As we quietly wait for everyone to arrive at Port Perry’s waterfront, my wife Tina and I gaze out over what was once just a swamp, Lake Scugog. The romantic cruise boat, MV Woodman, solidly anchored against the dock in Scugog’s placid water, awaits another group of noisy visitors to float around the lake and Scugog Island.

In the park across the street is a blue plaque standing beside a statue of David Palmer. Palmer, the renowned father of chiropractic, was born in Pickering and raised in Port Perry. In 1856, his parents moved to the United States, and because of this, Americans lay claim to his discoveries. The fact remains that he was a Canadian and I, as well as many other motorcyclists, are thankful for his ingenuity.

Six bikes and eleven people arrive as we head west on Queen Street to Old Simcoe Street, where the village of Borelia once stood. As Port Perry grew, Borelia was annexed and became part of the town that Peter Perry founded. Southward, winding past Sunday-morning garage sales, we arrive at the hamlet of Prince Albert. We head south about a mile, turn left, and stop at the home of the world’s greatest apple fritter, White Feather Farms. These fritters are monstrous – a whole meal by themselves.

With a fritter in each saddlebag (so we won’t go in circles), we head east on Raglan Road. We pass by the little-known magnetic hill on our left at Purple Hill Conservation Area and roll on toward the Oshawa Townline Road. We are now on the Oak Ridges Moraine, and the pleasant scent of pine pitch reminds me that it’s springtime in Ontario.

At the hamlet of Burketon Station, a whistle-stop for the old Canadian Pacific Dayliner, we turn south on Old Scugog Road to Enniskillen. This is where the garage still stands that was once Robert McLaughlin’s Carriage Company. On Regional Road 57, we stop at another blue plaque erected near McLaughlin’s birthplace. McLaughlin started out building sleighs, then carriages, and eventually automobiles. His company evolved into General Motors of Canada. Fondly known as Colonel Sam, he was a noted philanthropist, and many institutions bear his name. The Parkwood Estate in Oshawa, an entire city block, was his home.

Touring slowly through the village of Tyrone, we pass the Vanstone Mill, a water-powered grist and sawmill built in 1846 that still derives its power from the Tyrone Millpond. The mill remains in operation, producing lumber and stone-ground flour. On a hot mid-August weekend in 1970, over 100,000 young people descended on nearby Mosport Park for Strawberry Fields, a Woodstock-like music festival. To beat the August heat, hundreds of young people went swimming naked in the Tyrone Millpond, much to the delight of the local old-timers, who lined the shores with their Kodak Instamatics.

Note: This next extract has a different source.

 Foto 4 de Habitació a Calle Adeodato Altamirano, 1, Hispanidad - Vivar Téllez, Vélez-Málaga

Black Smith ShopOn the east end of Tyrone Village stands an authentic stone blacksmith shop. Built in 1854 by a Mr. Treneuth, it opened in 1857 and has been owned by the same family since 1896. The present owner’s grandfather ran this shop for 50 years. Although a fire partially destroyed the roof years ago, it has been restored, and the original forge and tools are still in the building, just as they were when Grandpa’s hammer could be heard clanging against the white-hot steel on the anvil decades ago. The home and shop are now for sale, as Gwen Woodcock, the granddaughter, needs to find a property with less maintenance. Gwen is kind enough to open the building and give us a tour.

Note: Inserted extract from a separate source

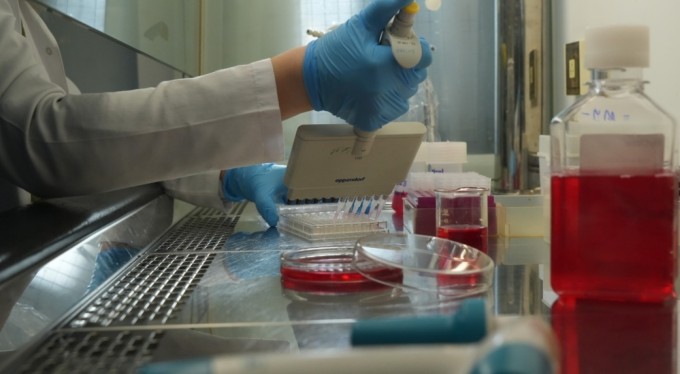 Bursa'da Korona virüsü yüzde 99 engelleyen burun spreyi ürettiler!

We leave eastbound, riding the ridges and paralleling fields filled with neat rows of corn that run for kilometres. Stone and root fence lines tell of yesteryears’ hard history, when this land was cleared from virgin forest. We leave Darlington Township and enter the former Clarke Township, and nestled in the next valley is the beautiful hamlet of Leskard on the shores of Wilmot Creek. About a kilometre north of here, in the gravel hills by the Canadian Tire Motorsport Park (formerly Mosport Park), springs bubble out of the ground, the humble beginnings of Wilmot Creek. Springtime brings mammoth rainbow trout and salmon 12 miles north from Lake Ontario; when they can go no farther, they lay their eggs.

On Leskard Road, we trundle along, passing the first log home that I built, back in the 80s. How I wish I’d kept it now. At Concession Road 7, we climb the hills where we get a wonderful view southward and head east to Hwy 35/115, and then south to Hwy 2. We stop beside the bridge over Wilmot Creek. We are about a mile from Lake Ontario, and history tells us that in the early 1800s a man could spear a thousand salmon in this creek in a single day. The blue plaque tells the story of the visionary Samuel Wilmot, the son of S. S. Wilmot, who surveyed Reach Township in 1809 when it was just wilderness and wild animals. With fish stocks dwindling, Wilmot began artificially hatching fish eggs as a means of saving the Lake Ontario salmon, and in 1865, he built a small hatchery on his farm just north of Hwy 2. Wilmot established 15 hatcheries across Canada, and his designs were widely copied in North America and Europe. Just up the road in Newcastle is another blue plaque that tells the story of the family that made the town famous, the Masseys. At the corner of King Avenue and Beaver Street sits the restored and renovated old Massey Factory.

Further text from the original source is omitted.